Change in (a) EPSs production, (b) Biofilm formation, and (c) Flocculation in tested MAMs, in response to various temperatures. Bars with same uppercase letter for each bacteria species are not significantly different at P ≤ 0.05 in same temperature conditions, whereas bars with same lowercase letter for each bacteria species are not significantly different at P ≤ 0.05 in different temperature conditions.

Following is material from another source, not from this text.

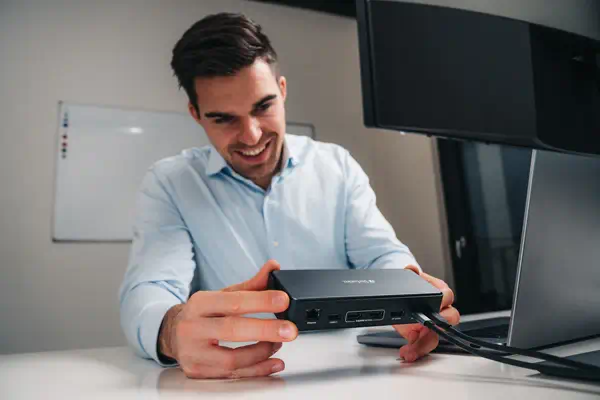 Verbatim CDS-15SSD Avec fil USB 3.2 Gen 1 (3.1 Gen 1) Type-C Noir, Gris - Station d'accueil pour portable - visuel 9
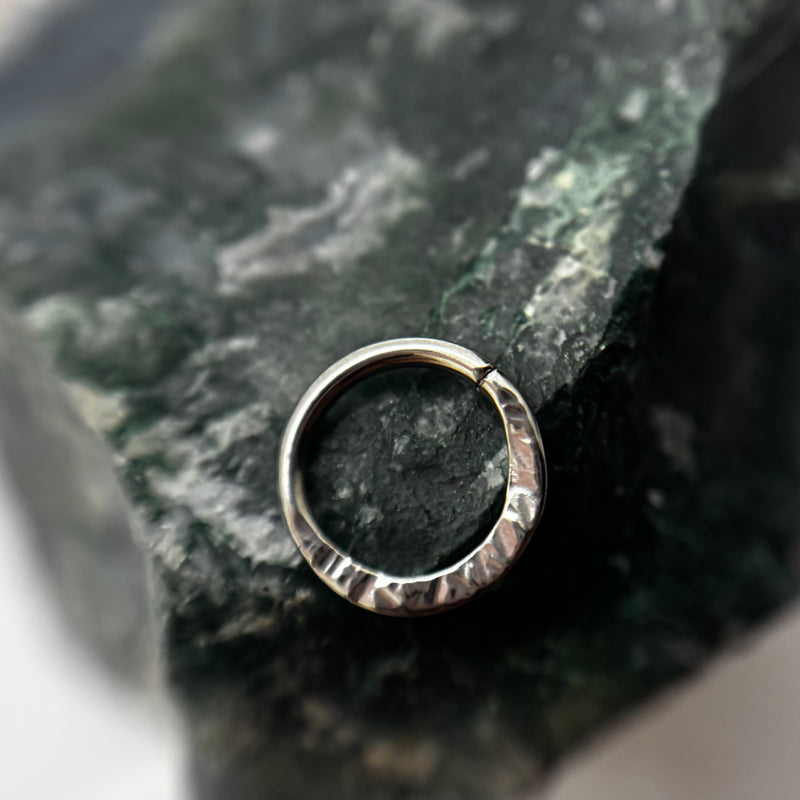 *NEW * Niobium seam ring with texture -size 16h 5/16-7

Significant biofilm formation was observed in this study at 37°C in B. tropicus and P. pasadenensis, consistent with their EPS production (Fig. 1b). No biofilm formation was observed at extreme temperatures for all strains, which may suggest their limited adaptability beyond optimal conditions.

In addition, flocculation activity remained stable between 30°C and 37°C, as moderate temperatures support microbial metabolism and enzyme activity essential for flocculation. Fig. 1(c) reveals that B. cereus and B. thuringiensis exhibited the highest flocculation activity (P < 0.05) under an optimal temperature of 30°C compared to the other bacteria tested in this study (Fig. 1c). Flocculation activity declined at higher temperatures.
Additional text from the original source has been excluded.